*Assignment*
Lift out all lines below that contain "Driver".

▼▼▼

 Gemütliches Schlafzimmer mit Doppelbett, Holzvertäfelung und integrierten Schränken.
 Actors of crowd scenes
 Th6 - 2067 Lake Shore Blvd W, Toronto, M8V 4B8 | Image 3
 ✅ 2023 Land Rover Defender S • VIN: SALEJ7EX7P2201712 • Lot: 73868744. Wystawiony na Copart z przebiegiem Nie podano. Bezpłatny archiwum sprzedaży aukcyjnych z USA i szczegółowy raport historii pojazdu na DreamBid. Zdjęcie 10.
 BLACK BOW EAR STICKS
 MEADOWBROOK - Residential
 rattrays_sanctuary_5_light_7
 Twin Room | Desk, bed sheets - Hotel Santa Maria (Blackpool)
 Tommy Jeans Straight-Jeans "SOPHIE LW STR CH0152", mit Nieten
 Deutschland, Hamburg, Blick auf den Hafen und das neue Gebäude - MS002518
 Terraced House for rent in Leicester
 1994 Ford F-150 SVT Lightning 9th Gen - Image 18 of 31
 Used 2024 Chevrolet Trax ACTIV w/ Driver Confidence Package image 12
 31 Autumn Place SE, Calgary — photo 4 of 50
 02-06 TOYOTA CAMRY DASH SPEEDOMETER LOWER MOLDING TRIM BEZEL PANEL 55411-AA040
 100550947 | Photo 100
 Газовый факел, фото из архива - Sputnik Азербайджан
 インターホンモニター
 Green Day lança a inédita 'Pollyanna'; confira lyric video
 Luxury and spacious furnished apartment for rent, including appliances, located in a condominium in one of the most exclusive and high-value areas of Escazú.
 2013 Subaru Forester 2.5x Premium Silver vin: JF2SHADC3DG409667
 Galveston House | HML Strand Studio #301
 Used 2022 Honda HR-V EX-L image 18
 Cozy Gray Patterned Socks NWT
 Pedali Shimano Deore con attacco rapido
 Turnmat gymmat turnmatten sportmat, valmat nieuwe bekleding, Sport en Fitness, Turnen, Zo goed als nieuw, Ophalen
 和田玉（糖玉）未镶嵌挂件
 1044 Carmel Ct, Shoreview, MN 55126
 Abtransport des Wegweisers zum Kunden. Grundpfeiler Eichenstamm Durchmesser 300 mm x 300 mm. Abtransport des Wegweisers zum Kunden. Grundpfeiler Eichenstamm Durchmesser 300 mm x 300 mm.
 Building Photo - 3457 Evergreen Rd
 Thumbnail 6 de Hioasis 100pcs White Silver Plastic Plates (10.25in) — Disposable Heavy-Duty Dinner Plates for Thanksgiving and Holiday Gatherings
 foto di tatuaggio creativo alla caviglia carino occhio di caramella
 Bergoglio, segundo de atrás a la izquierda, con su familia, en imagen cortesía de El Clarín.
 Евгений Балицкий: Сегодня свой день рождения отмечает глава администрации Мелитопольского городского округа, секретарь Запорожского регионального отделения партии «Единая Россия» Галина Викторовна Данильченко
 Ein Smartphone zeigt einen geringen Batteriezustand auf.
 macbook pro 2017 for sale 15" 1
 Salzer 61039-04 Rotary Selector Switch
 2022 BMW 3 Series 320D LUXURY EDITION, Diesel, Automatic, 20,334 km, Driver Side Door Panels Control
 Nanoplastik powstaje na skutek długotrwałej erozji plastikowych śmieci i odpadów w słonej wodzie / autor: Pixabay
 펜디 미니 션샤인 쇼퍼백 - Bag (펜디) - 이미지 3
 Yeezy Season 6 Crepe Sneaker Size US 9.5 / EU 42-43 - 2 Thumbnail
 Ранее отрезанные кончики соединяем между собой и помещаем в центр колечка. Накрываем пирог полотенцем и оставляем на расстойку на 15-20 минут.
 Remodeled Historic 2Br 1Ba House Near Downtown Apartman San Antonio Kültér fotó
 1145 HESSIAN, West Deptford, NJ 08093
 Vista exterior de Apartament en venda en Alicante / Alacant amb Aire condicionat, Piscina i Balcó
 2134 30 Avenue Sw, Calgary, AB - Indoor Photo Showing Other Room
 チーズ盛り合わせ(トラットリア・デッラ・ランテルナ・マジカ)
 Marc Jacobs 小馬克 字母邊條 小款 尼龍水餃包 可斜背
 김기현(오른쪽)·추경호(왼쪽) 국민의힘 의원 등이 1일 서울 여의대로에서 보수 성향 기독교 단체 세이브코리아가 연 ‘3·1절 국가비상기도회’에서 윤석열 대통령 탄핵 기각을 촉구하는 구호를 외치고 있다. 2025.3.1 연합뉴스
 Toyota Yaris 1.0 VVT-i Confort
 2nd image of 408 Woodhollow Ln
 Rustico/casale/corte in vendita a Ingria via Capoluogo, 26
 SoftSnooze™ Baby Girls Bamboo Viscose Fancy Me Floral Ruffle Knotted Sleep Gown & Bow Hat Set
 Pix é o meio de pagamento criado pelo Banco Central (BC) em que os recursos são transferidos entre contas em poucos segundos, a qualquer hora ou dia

▲▲▲

*Completed task*
 Used 2024 Chevrolet Trax ACTIV w/ Driver Confidence Package image 12
 2022 BMW 3 Series 320D LUXURY EDITION, Diesel, Automatic, 20,334 km, Driver Side Door Panels Control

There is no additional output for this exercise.